La Guerra Civil española fue, entre otras desgracias, un campo de experimentación; un lugar de pruebas de lo que posteriormente se alzaría como la potencia bélica máxima de su tiempo. Y tal vez ese sea quizá el sentido más ominoso de todos: la pretensión última de la matanza, más que la estrategia militar, estribaba en el sentido mercantilista del test, del experimento, del control de calidad. En efecto, la Legión Kondor, siguiendo el afán de apoyar al bando franquista, trató de borrar del mapa una ciudad entera en la primavera del 37 causando la mayor sangría de población civil por bombardeo que se había conocido hasta el momento, democratizando definitivamente la guerra e iniciando una escalada que alcanzaría su cénit en Hiroshima. Sorprende que no se hubiera llevado antes al cine.
Bastión del bando republicano, Bilbao resiste las acometidas del ejército sublevado al tiempo que refugia a los periodistas que dan cobertura de la contienda. Entre ellos se encuentra Henry (James D’Arcy), plumilla norteamericano derrotado por la vida, más preocupado de que su petaca no se quede seca de whisky que en plasmar negro sobre blanco el menor atisbo de veracidad. Aunque tampoco tendría cómo: la oficina del censor, bajo control soviético, se encarga de cortar las comunicaciones cada vez que algún corresponsal dice lo que no debe.
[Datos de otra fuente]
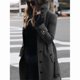 thumbnail image 2 of Autumn Winter Woolen Coat Women's Slim Fit Cardigan Large Coat Women Long Sleeve Single Breasted Stand Collar Woolen Coat, 2 of 4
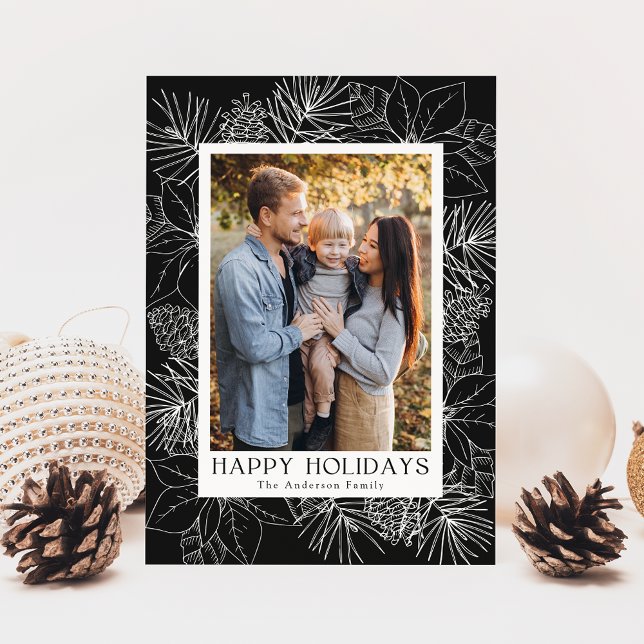 Elegant Poinsettias and Pinecones Charcoal Photo Holiday Card (Creator Uploaded)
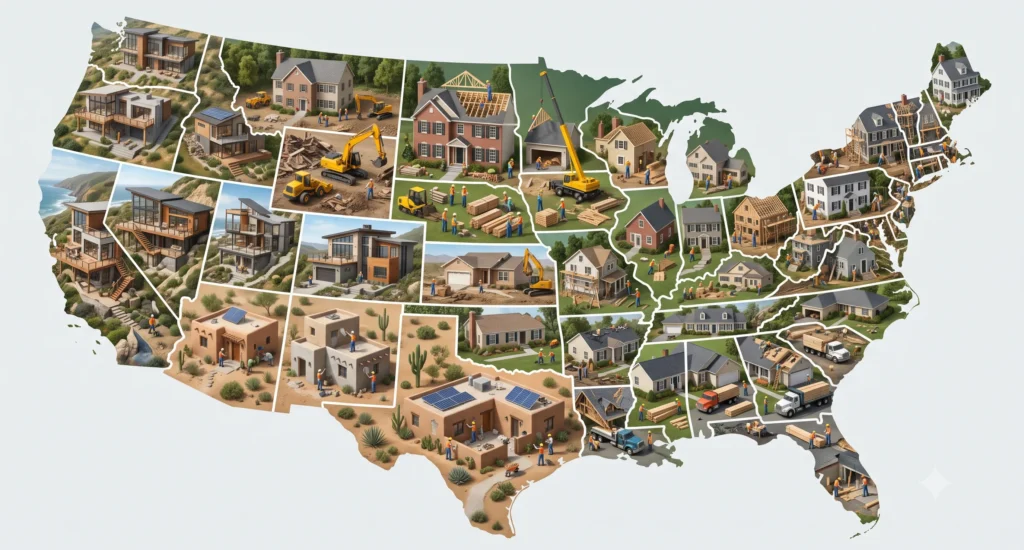 Infographic map showing regional residential house rebuilding differences across the United States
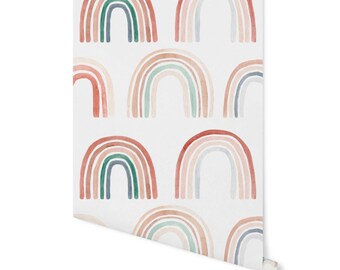 Wallpaper Boho Rainbow Pattern Wallpaper/ Removable Wallpaper/ Peel and Stick Wallpaper/ Unpasted Wallpaper/ Pre-Pasted Wallpaper WW20100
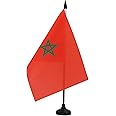 Morocco Table Flag 5'' x 8'' - Moroccan Desk Flag 21 x 14 cm - Black plastic stick and base - AZ FLAG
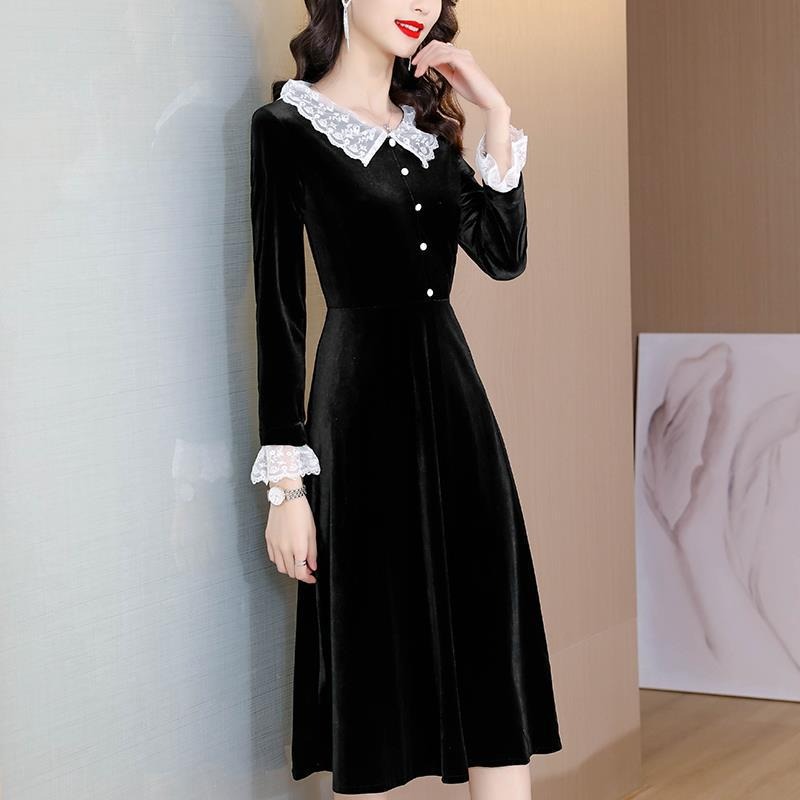 Black Velvet with White Lace Detail Mini Dress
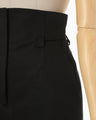 Cotton Chino Side Slit Skirt - black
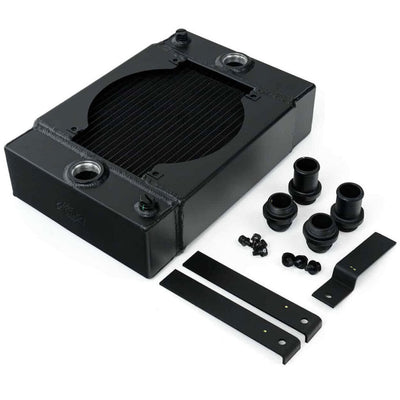CSF Racing 2-Row 3.5" King Cooler Drag Radiator w/9" Spal Fan Black for Universal for Universal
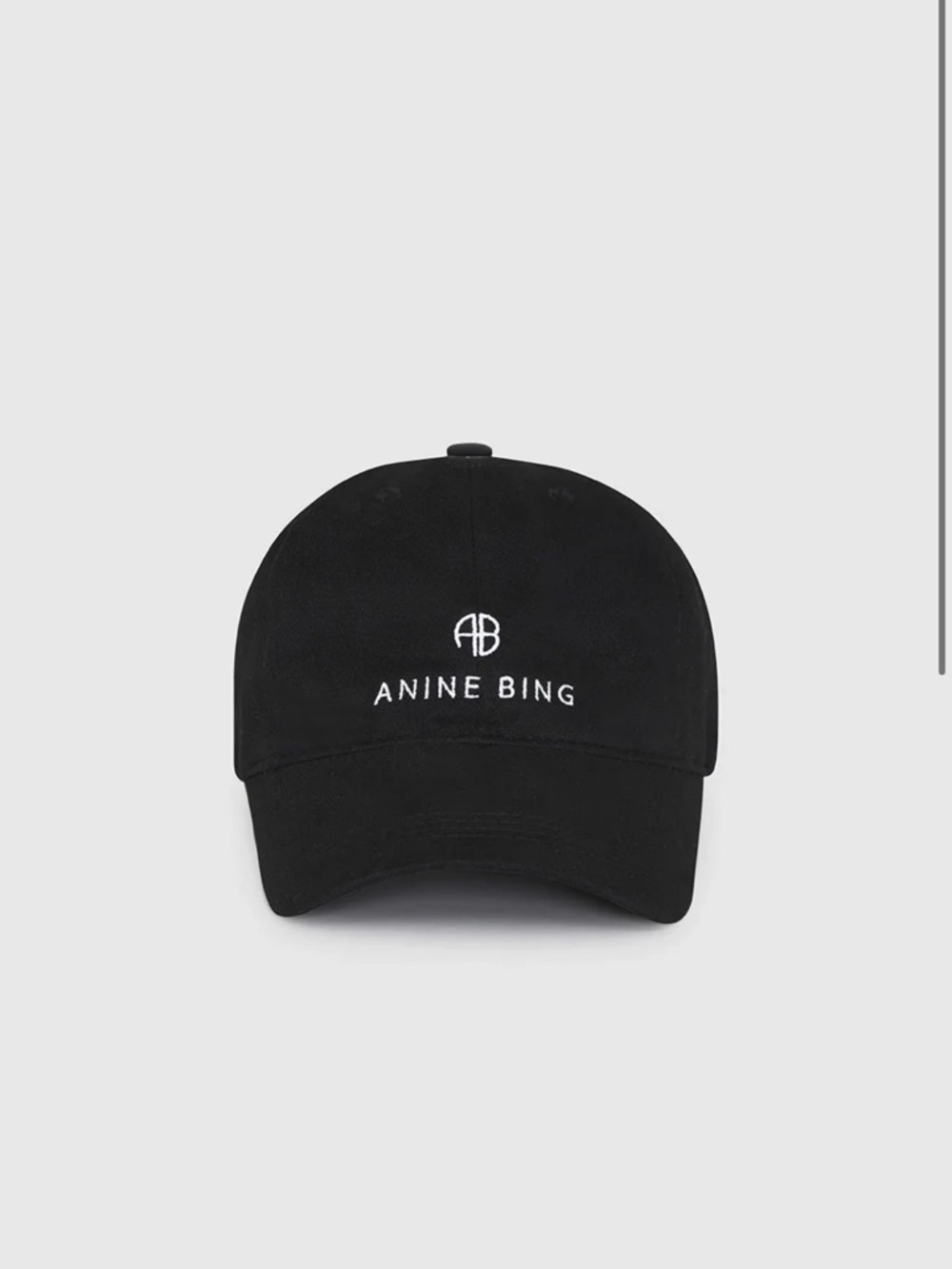 Anine Bing Black Baseball Cap with White Logo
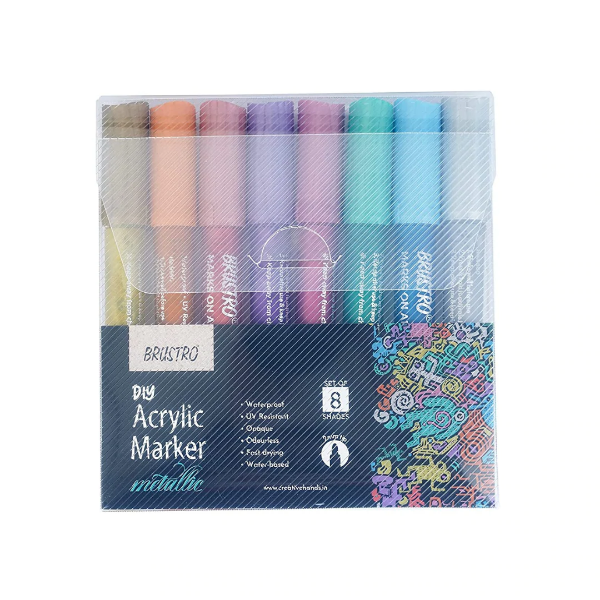 Picture of BRUSTRO DIY ACRYLIC METALLIC MARKER 2MM SET OF 8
Y lo que no deben suele ser la verdad. En medio de este contexto trabaja Teresa (María Valverde), ayudante del censor e hincha del Atleti, que encontrará en el americano un alma gemela entre excursión y excursión por los pueblos del monte vasco. No saben que, antes de lo que esperan, la guerra escupirá plomo y pólvora «termita» sobre sus cabezas.
La película de Koldo Serra presenta un conflicto entre dos historias distintas, casi contrarias. Guernica es devastada al fondo mientras, en primer término, nos centramos en una historia de amor. Los trazos del relato parecen perderse más en las diatribas del triángulo que vive María Valverde, enamorada de un periodista cínico al tiempo que perseguida hasta el acoso por un pusilánime soviético, que en generar la tensión de lo inevitable. Y la historia de amor, además, se diluye en lo cotidiano pues no tiene, realmente, nada de prohibido más allá que el cortocircuito deontológico que pueda surgir entre un periodista y una censora. Ni el París de Rick e Ilsa; ni las estepas nevadas del Doctor Zhivago.
Pese a ello, la producción se manifiesta grandilocuente en una factura que apenas detiene la cámara un instante y que se esfuerza en cada fotograma por el retrato perfecto, el marco dentro del marco, la luz inequívoca y el encuadre equilibrado. Los efectos visuales son de nota, y la interpretación del elenco bien merece un visionado en versión original —si hubiera oportunidad—. Quizá sólo por esto y por asistir al primer filme que retrata el evento merezca la pena acercarse por la sala.